Как некогда, там, на земле, над мертвым Лицом твоим, я плакал, так и ныне Я плачу здесь над ним, столь жалко искаженным, —

говорит ему Данте, не поминая ни словом о бывшей ссоре. Форезе называет его «милым братом» и, забывая о себе, спрашивает, как мог он, живой, войти в царство мертвых. Но Данте, прежде чем ответит, говорит о прошлом:

...О, тяжко вспомнить, Какую жизнь с тобою мы вели![28]

Кажется, в это незабываемое прошлое, – в «презренную жизнь», в которой обличает Данте и Гвидо Кавальканти, – дают нам заглянуть шесть бранных сонетов, по три на каждого, которыми обмениваются в ссоре бывшие друзья. Данте обличает Форезе в обжорстве, пьянстве, воровстве, а тот его – в «плутовстве» и «подлой трусости», но не в распутстве; может быть, потому, что в этом они равны. Трудно поверить, читая эти строки, что один из пишущих – Данте. Точно ругаются два ослиных погонщика на большой дороге, или двое пьяниц в доме терпимости, или, в одной из зловоннейших адских «ям», bolgia, два сцепившихся в драке грешника, чью гнусную ругань слушает Данте с таким порочным услаждением, что Виргилий остерегает его:

Желание такие речи слушать Есть низости душевной знак[29].

Есть и в этой земной ссоре двух друзей, может быть, нечто, не от Форезе, а от Данте идущее, «подземное».

Тогда услышал я – о диво! – запах скверный? Как будто тухлое разбилося яйцо Иль карантинный страж курил жаровней серной. Я нос себе зажал, отворотив лицо[30].

Хуже всего, что этот «скверный запах» смешивается с райским благоуханием тех самых «юных беспорочных дней», когда пишется – живется «Новая жизнь»[31], и что в сердце Данте происходит и теперь то же, что перед сошествием в ад, когда на гладкой, нежно лоснящейся под утренним солнцем, шкуре Пантеры чередование светлых пятен с темными кажется ему «веселым»; хуже всего то, что сердце его хочет утолить горящую жажду противоречий этим смешением Рая с Адом.
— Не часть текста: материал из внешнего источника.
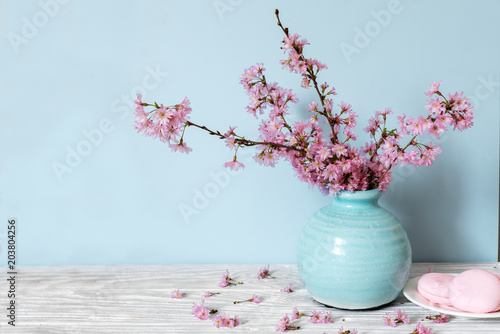 Fotografía still life with bouquet of blooming cherry branches or sakura in a vase with mac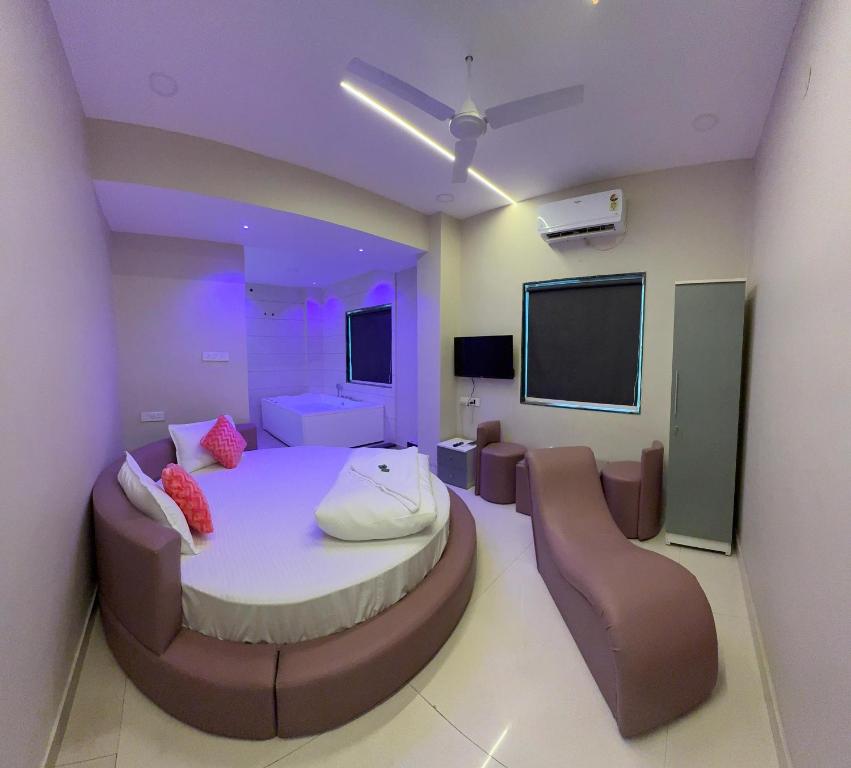 Camera con letto, sedie e TV a schermo piatto. di Hotel Elite Stay - Mahalunge Pune a Pune
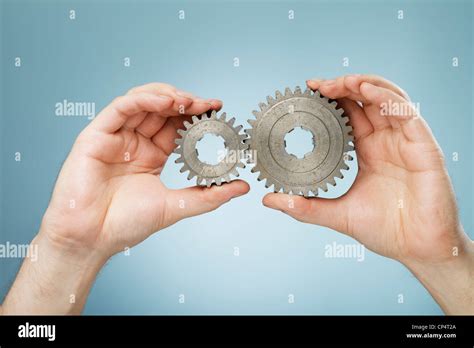 Man Holding Two Different Sizes Metallic Cog Gear Wheels In His Hands
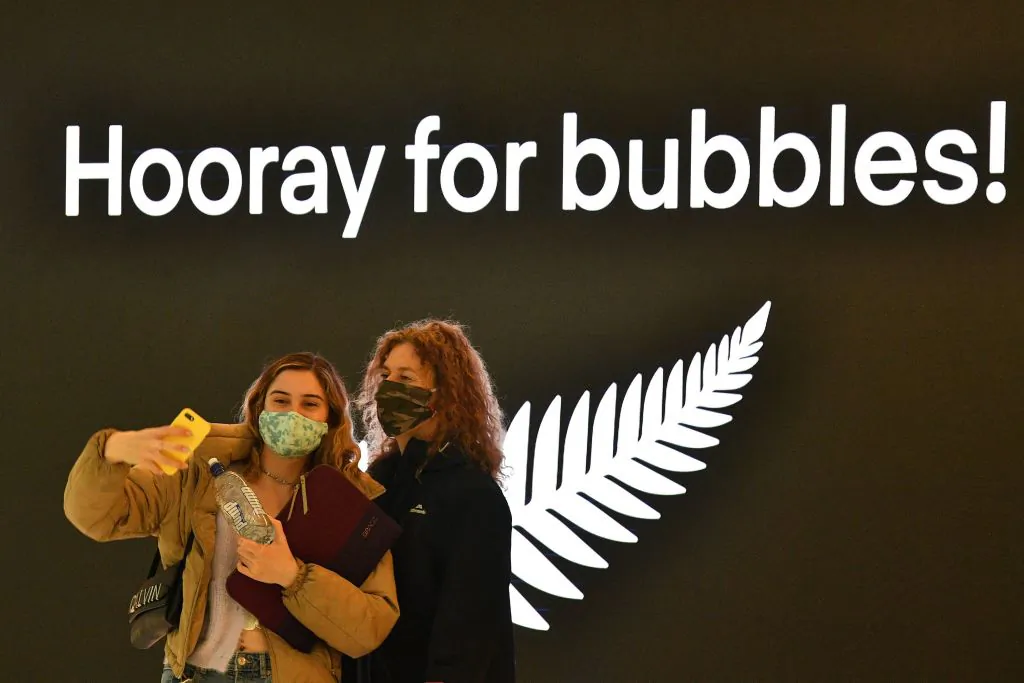Travellers take selfies before their departure for New Zealand at Sydney International Airport on April 19, 2021. (Saeed Khan/Getty Images)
«Вот сердце мое, Господи, вот сердце мое... пусть скажет оно Тебе, чего искало в этом бескорыстном зле – зле ради зла». – «Гнусно было зло, но я его хотел; я любил себя губить, amavi perire; любил мой грех, – не то, ради чего грешил, а самый грех. Гнусная душа моя низвергалась с неба Твоего, Господи, во тьму кромешную. Я хотел не чего-либо стыдного, а самого стыда». – «Сладко мне было преступать закон... и, будучи рабом, казаться свободным... в темном подобии всемогущества Божия...» Кто это говорит? Грешный Данте? Нет, святой Августин[32].

«Я иду и не знаю: в вонь ли я попал и позор, или в свет и радость... И когда мне случалось погружаться в глубокий позор разврата... я всегда этот гимн Церере читал (Данте читает гимн Беатриче). – Исправлял ли он меня? Никогда! Потому что, если я уж полечу в бездну, то прямо головой вниз и вверх пятами, и даже доволен, что именно в таком унизительном положении падаю... И вот, в самом этом позоре, я вдруг начинаю гимн»... Или наоборот: сначала гимн, а потом «вверх пятами».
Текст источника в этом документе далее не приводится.